Code Monkey Island – board game to teach kids programming - troyastorino
https://www.kickstarter.com/projects/rajsidhu/code-monkey-island-making-programming-childs-play

======
quotient
I think "board game to teach kids programming" is a misdescription. This is a
board game that teaches kids to think like programmers --- it teaches
elementary logic skills and makes them familiar with programming concepts. It
doesn't teach them anything about actual programming, though it makes them
better potential programmers. I think this game is worthwhile as a general
learning exercise, i.e. to develop structured thinking, but with regard to
programming, it is a misdirection of efforts.
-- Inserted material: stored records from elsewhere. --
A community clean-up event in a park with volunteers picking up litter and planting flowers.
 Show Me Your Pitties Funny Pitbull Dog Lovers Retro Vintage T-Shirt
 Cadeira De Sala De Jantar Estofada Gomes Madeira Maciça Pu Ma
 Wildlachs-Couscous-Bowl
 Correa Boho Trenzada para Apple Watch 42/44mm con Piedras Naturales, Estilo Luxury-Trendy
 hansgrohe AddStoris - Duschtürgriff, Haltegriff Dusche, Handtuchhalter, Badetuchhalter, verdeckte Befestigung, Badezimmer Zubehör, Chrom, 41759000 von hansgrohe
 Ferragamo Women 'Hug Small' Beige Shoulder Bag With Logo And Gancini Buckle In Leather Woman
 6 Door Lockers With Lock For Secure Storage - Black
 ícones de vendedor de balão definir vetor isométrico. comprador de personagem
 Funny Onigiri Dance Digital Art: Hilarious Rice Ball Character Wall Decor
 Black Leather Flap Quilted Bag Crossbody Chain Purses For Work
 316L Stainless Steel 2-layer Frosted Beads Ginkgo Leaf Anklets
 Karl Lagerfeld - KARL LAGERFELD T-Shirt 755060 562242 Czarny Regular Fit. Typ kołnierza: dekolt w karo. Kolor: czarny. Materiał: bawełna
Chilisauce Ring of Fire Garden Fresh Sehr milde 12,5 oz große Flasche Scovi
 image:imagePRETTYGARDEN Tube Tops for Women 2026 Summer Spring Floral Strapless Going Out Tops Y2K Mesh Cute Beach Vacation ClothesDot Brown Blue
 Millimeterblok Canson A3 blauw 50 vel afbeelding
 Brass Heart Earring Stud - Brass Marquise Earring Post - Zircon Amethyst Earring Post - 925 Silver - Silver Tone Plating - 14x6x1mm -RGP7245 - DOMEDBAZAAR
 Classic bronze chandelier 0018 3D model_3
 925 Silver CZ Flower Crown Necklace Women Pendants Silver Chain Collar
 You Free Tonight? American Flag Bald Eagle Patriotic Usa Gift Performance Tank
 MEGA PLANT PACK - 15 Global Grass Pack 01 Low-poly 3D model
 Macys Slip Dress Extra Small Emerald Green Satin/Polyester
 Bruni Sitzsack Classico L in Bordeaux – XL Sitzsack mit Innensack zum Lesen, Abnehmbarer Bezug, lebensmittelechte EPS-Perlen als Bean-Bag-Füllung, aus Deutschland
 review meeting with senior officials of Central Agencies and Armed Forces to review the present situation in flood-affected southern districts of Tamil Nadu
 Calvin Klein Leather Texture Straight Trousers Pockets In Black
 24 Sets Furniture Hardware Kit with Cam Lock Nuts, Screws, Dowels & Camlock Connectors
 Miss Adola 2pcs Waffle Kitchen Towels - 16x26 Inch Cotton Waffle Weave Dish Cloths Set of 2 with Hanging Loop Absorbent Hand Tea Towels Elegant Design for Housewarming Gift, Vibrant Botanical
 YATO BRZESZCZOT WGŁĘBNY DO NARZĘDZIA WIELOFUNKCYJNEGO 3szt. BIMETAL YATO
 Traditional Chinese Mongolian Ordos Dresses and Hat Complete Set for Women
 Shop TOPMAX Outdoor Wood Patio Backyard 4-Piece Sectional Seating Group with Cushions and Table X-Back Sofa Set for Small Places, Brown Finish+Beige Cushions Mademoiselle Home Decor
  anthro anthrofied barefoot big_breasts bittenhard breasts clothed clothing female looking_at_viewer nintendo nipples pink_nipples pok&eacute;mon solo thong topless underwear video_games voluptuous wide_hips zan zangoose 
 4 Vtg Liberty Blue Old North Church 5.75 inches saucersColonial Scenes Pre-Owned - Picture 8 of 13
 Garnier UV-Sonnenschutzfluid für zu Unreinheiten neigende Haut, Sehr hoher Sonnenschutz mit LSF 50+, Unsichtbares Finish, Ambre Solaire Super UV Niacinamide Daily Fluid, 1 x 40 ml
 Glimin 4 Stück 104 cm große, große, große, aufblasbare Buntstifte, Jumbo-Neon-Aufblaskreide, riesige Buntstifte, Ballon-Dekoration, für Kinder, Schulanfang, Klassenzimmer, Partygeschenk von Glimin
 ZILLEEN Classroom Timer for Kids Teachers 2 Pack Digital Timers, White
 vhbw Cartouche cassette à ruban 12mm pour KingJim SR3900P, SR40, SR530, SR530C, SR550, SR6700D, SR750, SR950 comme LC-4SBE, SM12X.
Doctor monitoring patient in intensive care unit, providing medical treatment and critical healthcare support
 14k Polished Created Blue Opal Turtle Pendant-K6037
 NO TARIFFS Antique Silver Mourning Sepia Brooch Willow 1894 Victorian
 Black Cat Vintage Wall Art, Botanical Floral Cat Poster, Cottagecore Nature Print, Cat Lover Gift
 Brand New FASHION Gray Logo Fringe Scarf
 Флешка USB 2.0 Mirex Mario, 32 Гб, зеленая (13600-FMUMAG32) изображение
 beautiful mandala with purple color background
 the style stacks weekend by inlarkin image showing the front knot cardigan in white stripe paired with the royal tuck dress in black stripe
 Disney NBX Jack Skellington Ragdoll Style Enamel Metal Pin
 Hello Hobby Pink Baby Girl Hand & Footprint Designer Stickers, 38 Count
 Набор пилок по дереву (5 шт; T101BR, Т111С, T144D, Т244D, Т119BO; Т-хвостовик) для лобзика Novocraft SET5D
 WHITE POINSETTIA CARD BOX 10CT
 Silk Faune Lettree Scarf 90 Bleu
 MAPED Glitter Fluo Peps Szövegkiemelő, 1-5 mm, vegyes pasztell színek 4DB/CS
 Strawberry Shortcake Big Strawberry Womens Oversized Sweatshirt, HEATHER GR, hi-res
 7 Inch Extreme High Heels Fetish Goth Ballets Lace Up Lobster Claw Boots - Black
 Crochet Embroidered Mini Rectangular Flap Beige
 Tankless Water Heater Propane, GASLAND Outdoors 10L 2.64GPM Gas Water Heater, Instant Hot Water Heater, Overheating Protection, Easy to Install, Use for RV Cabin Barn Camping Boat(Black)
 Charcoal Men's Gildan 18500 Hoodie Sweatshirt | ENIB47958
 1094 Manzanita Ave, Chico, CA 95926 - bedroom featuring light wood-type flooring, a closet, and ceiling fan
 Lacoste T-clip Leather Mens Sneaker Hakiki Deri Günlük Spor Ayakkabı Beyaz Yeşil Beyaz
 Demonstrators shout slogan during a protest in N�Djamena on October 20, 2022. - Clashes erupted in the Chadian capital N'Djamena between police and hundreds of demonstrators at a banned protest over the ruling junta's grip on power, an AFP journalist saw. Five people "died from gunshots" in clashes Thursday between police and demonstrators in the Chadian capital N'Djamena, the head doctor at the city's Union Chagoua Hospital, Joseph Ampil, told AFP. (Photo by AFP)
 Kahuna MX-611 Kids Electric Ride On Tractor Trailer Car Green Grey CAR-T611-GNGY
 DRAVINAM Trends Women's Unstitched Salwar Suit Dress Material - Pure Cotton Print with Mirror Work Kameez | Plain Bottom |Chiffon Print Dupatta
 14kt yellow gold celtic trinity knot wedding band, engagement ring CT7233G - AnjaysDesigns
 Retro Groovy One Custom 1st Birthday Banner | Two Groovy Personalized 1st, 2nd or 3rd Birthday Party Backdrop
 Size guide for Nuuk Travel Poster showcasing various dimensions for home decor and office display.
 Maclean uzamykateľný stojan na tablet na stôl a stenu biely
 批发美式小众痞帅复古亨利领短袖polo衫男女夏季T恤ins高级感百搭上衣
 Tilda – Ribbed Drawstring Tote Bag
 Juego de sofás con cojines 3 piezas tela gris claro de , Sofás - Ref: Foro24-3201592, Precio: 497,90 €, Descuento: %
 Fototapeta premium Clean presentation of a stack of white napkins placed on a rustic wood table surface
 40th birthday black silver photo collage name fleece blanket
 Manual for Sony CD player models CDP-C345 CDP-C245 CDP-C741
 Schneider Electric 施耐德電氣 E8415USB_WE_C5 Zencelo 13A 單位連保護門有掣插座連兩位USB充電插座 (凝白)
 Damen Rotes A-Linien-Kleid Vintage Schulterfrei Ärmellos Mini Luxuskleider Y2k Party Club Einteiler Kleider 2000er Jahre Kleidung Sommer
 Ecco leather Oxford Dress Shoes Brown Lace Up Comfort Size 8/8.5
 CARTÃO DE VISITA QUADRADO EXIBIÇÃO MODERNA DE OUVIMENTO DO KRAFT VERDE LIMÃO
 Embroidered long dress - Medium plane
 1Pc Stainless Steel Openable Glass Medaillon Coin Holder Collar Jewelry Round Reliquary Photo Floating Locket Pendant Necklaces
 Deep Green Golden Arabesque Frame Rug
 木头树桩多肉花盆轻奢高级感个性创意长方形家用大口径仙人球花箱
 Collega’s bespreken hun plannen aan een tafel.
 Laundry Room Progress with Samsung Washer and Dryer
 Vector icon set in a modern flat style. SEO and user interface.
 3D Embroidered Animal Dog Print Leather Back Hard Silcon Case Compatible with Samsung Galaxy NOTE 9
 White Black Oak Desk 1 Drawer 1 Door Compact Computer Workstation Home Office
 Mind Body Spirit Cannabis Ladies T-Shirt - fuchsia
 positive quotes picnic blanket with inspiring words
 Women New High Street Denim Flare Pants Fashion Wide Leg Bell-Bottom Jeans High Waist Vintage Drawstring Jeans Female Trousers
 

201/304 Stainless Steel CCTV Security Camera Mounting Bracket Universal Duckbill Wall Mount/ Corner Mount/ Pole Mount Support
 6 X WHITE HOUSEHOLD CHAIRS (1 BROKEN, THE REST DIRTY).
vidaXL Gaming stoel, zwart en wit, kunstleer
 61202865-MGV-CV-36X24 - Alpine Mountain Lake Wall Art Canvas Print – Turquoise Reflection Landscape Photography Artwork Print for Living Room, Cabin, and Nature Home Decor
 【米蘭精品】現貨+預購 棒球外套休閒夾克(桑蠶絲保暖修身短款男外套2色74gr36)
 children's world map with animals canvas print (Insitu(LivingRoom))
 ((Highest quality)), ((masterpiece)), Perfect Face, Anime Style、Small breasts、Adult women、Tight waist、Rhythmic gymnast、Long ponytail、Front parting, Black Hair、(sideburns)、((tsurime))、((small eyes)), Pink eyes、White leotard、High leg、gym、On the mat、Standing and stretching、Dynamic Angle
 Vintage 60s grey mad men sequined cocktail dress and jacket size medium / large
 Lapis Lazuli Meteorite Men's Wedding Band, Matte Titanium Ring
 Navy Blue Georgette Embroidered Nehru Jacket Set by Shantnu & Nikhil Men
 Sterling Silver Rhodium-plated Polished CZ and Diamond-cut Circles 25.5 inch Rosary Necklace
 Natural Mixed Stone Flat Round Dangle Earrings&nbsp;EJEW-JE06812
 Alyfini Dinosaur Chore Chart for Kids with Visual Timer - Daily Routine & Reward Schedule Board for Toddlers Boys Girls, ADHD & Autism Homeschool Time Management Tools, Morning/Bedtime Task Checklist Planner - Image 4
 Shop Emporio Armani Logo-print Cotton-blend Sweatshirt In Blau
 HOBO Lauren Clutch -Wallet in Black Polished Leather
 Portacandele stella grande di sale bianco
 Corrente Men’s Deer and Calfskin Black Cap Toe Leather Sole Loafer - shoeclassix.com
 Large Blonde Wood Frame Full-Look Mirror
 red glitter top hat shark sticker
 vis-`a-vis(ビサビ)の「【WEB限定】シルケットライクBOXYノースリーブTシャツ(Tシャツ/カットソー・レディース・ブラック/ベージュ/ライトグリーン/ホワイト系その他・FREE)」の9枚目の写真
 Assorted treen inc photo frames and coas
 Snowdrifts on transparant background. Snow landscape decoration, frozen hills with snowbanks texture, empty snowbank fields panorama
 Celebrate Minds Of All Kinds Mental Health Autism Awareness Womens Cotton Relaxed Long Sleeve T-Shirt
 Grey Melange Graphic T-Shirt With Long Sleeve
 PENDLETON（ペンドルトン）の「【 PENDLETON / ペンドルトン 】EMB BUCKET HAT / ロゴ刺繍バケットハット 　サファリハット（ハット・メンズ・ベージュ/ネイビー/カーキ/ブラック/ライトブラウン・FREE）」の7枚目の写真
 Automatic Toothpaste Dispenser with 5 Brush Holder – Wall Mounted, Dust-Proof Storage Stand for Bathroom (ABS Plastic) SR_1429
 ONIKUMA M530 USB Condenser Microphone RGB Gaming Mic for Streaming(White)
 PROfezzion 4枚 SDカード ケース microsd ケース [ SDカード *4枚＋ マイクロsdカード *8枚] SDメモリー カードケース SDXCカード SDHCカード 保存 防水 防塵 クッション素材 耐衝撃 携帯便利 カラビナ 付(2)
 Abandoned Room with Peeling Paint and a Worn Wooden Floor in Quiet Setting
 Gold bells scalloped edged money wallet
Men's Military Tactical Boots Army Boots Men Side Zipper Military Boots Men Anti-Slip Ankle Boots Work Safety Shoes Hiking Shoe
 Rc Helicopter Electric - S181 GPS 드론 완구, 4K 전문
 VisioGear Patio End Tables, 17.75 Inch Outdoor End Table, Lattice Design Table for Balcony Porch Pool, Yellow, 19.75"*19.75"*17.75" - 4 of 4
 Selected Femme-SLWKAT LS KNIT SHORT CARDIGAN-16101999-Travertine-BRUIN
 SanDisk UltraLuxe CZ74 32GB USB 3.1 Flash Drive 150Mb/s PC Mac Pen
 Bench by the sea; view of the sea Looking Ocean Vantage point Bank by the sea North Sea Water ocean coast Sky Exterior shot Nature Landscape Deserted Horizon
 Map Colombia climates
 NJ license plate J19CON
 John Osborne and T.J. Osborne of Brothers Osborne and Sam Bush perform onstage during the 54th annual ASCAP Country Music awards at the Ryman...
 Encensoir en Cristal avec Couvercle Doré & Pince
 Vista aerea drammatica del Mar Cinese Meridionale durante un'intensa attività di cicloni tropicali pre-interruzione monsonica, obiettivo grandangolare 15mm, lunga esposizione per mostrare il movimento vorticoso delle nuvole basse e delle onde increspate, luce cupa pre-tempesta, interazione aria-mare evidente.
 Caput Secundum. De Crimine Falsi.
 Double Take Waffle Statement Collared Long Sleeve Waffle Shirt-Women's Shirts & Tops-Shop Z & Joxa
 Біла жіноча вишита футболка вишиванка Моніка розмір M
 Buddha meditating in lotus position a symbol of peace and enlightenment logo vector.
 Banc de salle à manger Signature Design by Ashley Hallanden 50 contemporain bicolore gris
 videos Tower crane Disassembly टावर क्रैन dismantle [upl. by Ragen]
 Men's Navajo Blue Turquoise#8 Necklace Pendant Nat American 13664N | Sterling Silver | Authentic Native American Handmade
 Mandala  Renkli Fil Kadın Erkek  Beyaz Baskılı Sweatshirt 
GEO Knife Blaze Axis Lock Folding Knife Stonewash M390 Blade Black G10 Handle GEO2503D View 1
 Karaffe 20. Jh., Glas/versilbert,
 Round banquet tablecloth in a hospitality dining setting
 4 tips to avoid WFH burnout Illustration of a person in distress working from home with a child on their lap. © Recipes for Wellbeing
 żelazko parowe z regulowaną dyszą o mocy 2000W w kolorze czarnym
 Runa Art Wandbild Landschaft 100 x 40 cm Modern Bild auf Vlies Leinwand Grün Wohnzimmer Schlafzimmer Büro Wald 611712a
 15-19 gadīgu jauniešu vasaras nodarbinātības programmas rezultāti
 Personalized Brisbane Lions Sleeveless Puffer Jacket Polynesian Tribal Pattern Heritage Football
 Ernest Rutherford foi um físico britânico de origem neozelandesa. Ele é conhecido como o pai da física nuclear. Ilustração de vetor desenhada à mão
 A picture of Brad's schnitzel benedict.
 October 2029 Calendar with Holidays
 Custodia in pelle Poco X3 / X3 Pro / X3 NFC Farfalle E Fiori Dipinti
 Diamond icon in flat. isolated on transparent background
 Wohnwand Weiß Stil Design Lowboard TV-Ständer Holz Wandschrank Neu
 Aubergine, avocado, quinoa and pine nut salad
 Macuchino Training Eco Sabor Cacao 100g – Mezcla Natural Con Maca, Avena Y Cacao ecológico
To elaborate: there's a certain magic moment when you write your first
program. You realize that you can make the computer _do things_. First, you
just have it print a test message. _WOW_. Then you have it add two numbers. It
works, and you feel a surge of emotion: with this tool, _anything_ is
possible. It's an incredibly powerful and liberating feeling. It is very
persuasive, and often gives rise to an immediate fascination.

The way to "teach kids programming" is to give them that experience, to let
them feel that Eureka!-moment. Teaching kids about logical statements, loops,
etc. is neat stuff, and will certainly make them into better thinkers, but _it
does not make them (significantly) likelier to open up a REPL and type in
"print 'Hello World'"._

And that is the critical point: if a parent wants their child to pick up
programming, they'll have to get them to actually program. Playing games about
conditional statements and basic logic is only very tangentially related to
getting children to write and run code. (The same complaint goes for other
products in this space: picture-books, games, etc. to bring children closer to
programming have been released in great number recently.)

Perhaps there is some sort of general fear that actually opening up a
terminal, notepad, etc. is somehow an intrinsically difficult task (likely
because most parents have no idea how it works, either), so parents try to
edge closer to programming with these educational toys, but the problem is
that "learning to code" is not something that can be done by gradual
immersion. A child can learn to swim by dipping their toes into the water and
then slowly wading into the pool while moving their arms --- a couple hours of
this, and they'll learn to swim. However, with coding, the process is not as
gradual: at some point, the child has to open up an editor and start typing.
An effective educational tool that "teaches kids programming" really must do
only one thing: help them make this step.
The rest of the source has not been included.